→ WHAT THIS TASK INVOLVES: Return, without anything added, the lines from the one containing "4 soveværelse Penthouse" through the end of the entries below, exactly as written.

Stored records:
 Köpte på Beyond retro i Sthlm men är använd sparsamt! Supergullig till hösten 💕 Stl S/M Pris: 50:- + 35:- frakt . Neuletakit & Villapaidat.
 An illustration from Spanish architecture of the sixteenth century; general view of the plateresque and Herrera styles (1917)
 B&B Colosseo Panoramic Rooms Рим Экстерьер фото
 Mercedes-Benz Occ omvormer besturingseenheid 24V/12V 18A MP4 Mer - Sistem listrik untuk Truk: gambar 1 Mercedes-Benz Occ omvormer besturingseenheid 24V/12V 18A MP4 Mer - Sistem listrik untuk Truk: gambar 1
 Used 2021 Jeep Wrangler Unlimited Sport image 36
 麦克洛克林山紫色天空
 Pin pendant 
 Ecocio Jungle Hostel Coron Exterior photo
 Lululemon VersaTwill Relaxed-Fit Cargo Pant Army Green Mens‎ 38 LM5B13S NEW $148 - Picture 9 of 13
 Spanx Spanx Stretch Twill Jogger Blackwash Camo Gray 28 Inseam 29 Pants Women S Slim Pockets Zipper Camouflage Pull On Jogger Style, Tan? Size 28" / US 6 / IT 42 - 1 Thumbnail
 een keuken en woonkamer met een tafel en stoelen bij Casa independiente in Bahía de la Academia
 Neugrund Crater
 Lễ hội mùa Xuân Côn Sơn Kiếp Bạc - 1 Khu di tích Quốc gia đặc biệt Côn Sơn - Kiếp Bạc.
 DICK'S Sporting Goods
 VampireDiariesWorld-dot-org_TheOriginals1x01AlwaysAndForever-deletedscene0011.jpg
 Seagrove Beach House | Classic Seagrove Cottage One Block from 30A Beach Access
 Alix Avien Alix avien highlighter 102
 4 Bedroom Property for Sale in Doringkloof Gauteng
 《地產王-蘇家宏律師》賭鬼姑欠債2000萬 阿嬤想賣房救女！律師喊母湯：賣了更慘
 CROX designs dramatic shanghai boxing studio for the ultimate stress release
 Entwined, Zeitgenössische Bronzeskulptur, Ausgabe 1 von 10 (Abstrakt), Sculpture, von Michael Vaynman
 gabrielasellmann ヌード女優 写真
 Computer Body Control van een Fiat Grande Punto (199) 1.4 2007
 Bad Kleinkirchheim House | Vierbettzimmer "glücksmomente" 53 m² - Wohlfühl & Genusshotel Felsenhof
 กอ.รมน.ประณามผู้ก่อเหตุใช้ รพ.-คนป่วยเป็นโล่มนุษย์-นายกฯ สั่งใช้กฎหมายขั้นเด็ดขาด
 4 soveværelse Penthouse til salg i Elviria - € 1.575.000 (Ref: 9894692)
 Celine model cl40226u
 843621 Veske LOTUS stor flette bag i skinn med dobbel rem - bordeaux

→ PROBLEM SOLUTION:
 4 soveværelse Penthouse til salg i Elviria - € 1.575.000 (Ref: 9894692)
 Celine model cl40226u
 843621 Veske LOTUS stor flette bag i skinn med dobbel rem - bordeaux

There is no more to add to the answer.